With the ever-diminishing urban space, created by an ever-increasing world population's demand for more living space, plus the already sprawling cities, space is at a premium often leaving little room for the inclusion of a reasonable amount of greenery. For those fortunate enough to have a garden this is not such a problem, but for those with little space or any kind of garden area to speak of, vertical gardens could be an interesting proposition.
Being myself the proud owner of one such pocket-sized space in the form of a balcony, I am well aware of the limitations when it comes to planning one’s greenery for the summer. What to choose, flowers or edibles or a mixture of both? It only takes a few strategically placed terracotta pots and the space is full, leaving only enough room for a small table and a couple of chairs.
So, why not plant upwards, vertical space is plentiful? In doing so, a living wall can also transform the whole side of an ugly concreted and blokish building just by the use of greenery. This is a visually more pleasing picture to the eye and is environmentally friendly too. Possible on any type of wall this can be applied not only to the outside but also the inside of buildings as well. For example to residential courtyards, shopping malls, businesses - just about anywhere with a wall and access to a water supply.
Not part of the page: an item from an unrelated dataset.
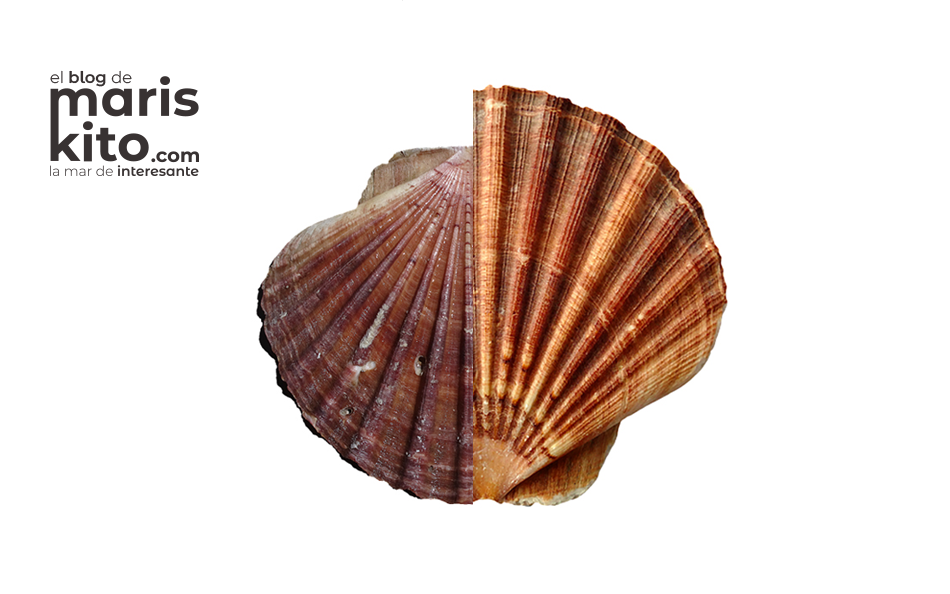 zamburiña y volandeira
As far as setting up goes, using soil is optional and plants don’t mind growing vertically without it, as long as the all important irrigation system is in place. Plants used are dependant on what is seasonal and available in the area. This is according to the findings of Patrick Blanc, a Frenchman and artistic pioneer in this field.
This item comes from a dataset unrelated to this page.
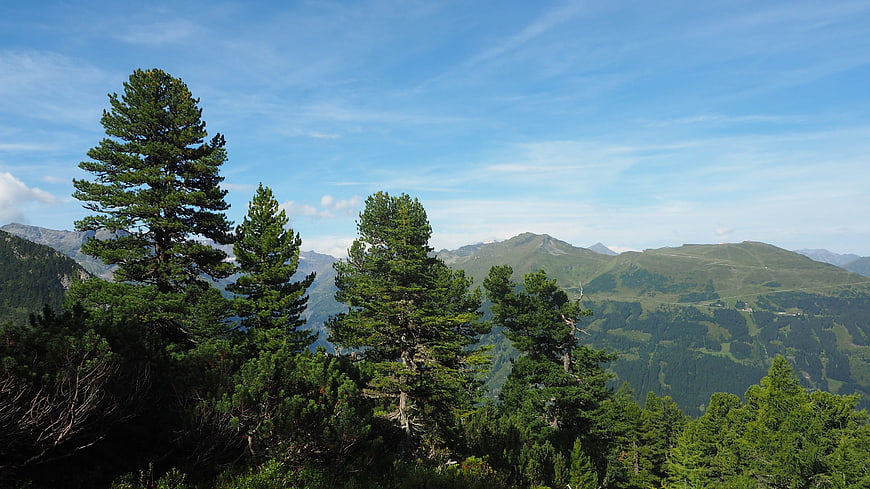 Scenic Alpine Mountain Landscape with Pine Trees and Blue Sky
The increase of green areas within the urban grey, are important not only environmentally, but as people friendly spaces inviting people to linger a while. In this day and age we need more places where it is possible to pause for thought, away from our frantic lifestyles and soaring stress levels, and what could be better than being surrounded by vertical gardens.
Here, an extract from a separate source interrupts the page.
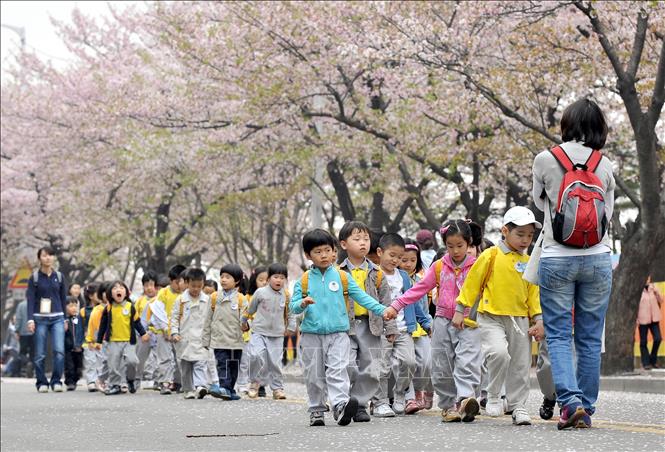 Giáo viên đưa trẻ em mẫu giáo dã ngoại tại Seoul, Hàn Quốc.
Back to my balcony, so how does one realize a vertical garden on a postage stamp? Easy! No, it’s not the trellis/plant rack option. Take an old bookcase; lay it flat on the ground and drill holes in it so that a hosepipe can be threaded from top to bottom in and out of all the compartments. Puncture the hosepipe at intervals to ensure that every compartment will be irrigated. (It would be at this point if I was on the craft section of Blue Peter, a children’s TV programme in the UK, I might say ‘and here’s one I made earlier’, but I digress…) Fill all the compartments with soil and then cover the whole thing with a hessian sheet or sturdy gauze and staple round the sides. Lift up the bookcase to an upright position. Make holes in the hessian at intervals, and now you’re ready to plant plant away in abundance!
As a thing of the future, vertical gardens (also known as sky farming), could provide city inhabitants with a source of fresh herbs and vegetables in limited space, although levels of pollution in some cities might be a cause for concern. As for me, although I like the idea, right now I don’t have a spare bookcase kicking around to give this idea a whirl, and storing one’s books in terracotta pots just to realize this project, just wouldn’t look quite right.